A structured set of objections, weighed in public.

Desk editor's note, referee report, simulated authors' rebuttal, and a circularity audit. Tearing a paper down is the easy half of reading it; the pith above is the substance, this is the friction.

Referee Report

0 major / 3 minor

Summary. The manuscript reports experiments on heat transport in porous media convection using 3D-printed lattice structures with water as the fluid. Over 26.8 ≤ Ra ≤ 2.62×10^5 and 6.18×10^{-7} ≤ Da ≤ 1.21×10^{-5}, quantitative Nu_m(Ra,Da) and temperature statistics identify five regimes (I: conduction, II: convection, III: oscillation, IV: transition, V: classical Rayleigh-Bénard convection). Da strongly affects the transitions; flow visualizations show stacked rolls evolving to a single-roll structure with pore-scale Re > 1 in regimes IV and V. A phase diagram in Ra-Da space is presented.

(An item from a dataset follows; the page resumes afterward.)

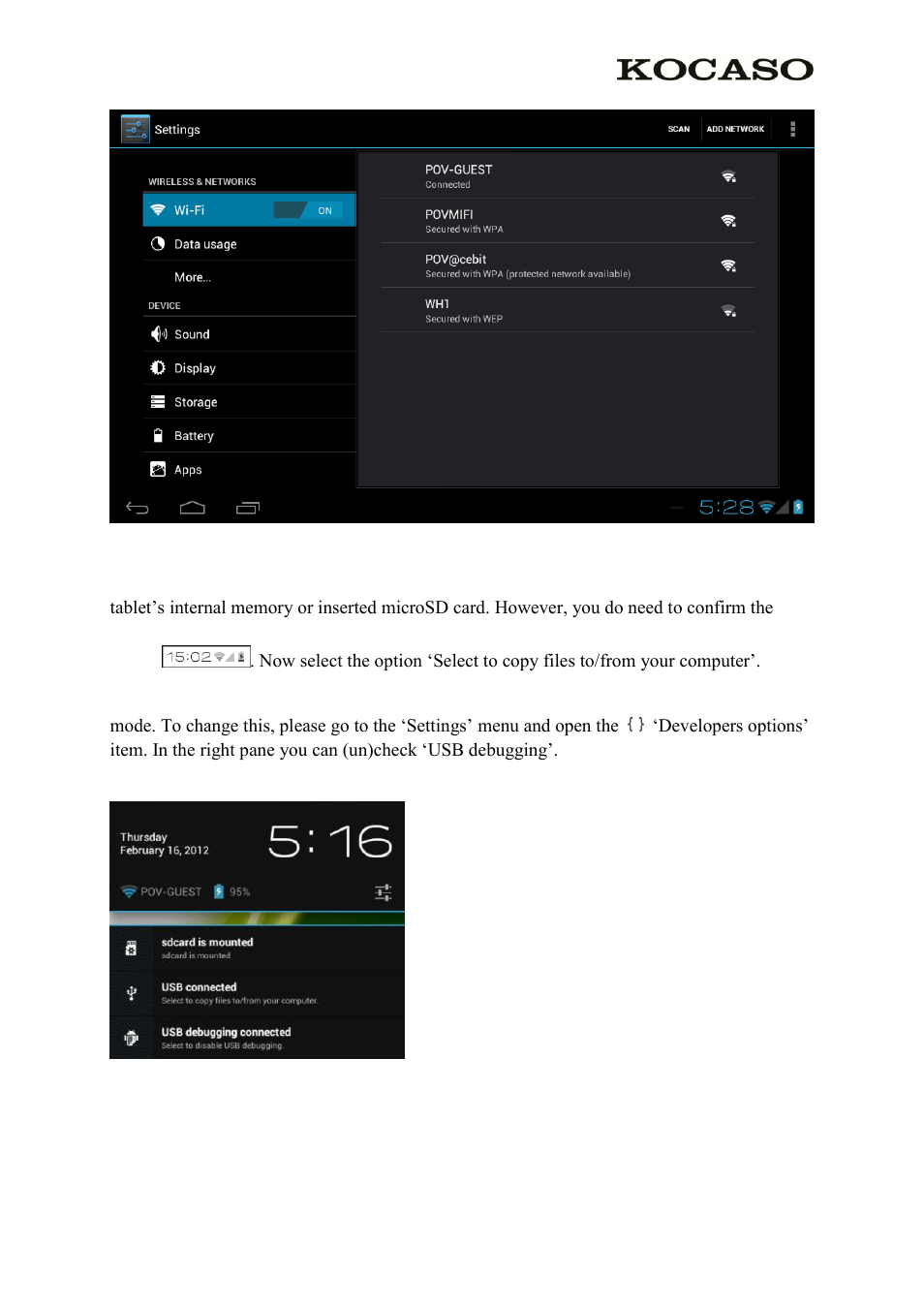 3 connecting the tablet to your pc | KOCASO SX9730 User Manual | Page 11 / 15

Significance. If the regime boundaries and lattice representativeness hold, the work supplies a useful experimental bridge between Rayleigh-Darcy and Rayleigh-Bénard limits in porous media, including the quantified role of permeability, flow structure evolution, and a phase diagram. The controlled variation of Da via 3D-printed matrices and the inclusion of permeability calibration and visualizations are strengths.

minor comments (3)
  1. [Abstract] Abstract: The regime list is given without any numerical boundaries in Ra or Da; the full text supplies these but the abstract would benefit from at least one example boundary value per transition for immediate context.
  2. [Introduction/Notation] Notation: The symbol Ra is used for the Rayleigh-Darcy number throughout; an explicit definition (including the permeability scaling) in the introduction or methods would prevent confusion with the standard Rayleigh number.
  3. [Results/Figures] Figure clarity: Ensure all regime-transition figures include error bars on Nu_m and temperature statistics, and label the specific Ra-Da values at which regime boundaries occur.

Simulated Author's Rebuttal

0 responses · 0 unresolved

We thank the referee for their positive assessment of our manuscript, including recognition of the controlled variation of Da, permeability calibration, flow visualizations, and the phase diagram in Ra-Da space. The referee's summary accurately reflects our experimental findings on the five regimes bridging Rayleigh-Darcy and Rayleigh-Bénard behaviors. No major comments were provided in the report.

Circularity Check

0 steps flagged

No significant circularity

full rationale

This paper is a purely experimental report on heat transport in 3D-printed porous media. It identifies five regimes via direct measurements of Nu_m(Ra,Da) and temperature statistics without any derivations, fitted models, predictions, or load-bearing self-citations. Regime boundaries and flow visualizations are presented as empirical observations, with no equations or ansatzes that reduce to inputs by construction. The central claims rest on experimental data reduction rather than any self-referential chain.

Axiom & Free-Parameter Ledger

0 free parameters · 1 axioms · 0 invented entities

The work rests on standard dimensionless groups and experimental assumptions of porous-media convection; no free parameters, new entities, or ad-hoc axioms are introduced in the abstract.

axioms (1)
  • domain assumption Rayleigh-Darcy and Darcy numbers are the controlling dimensionless parameters for the observed transitions.
    Standard choice in the field of porous media convection.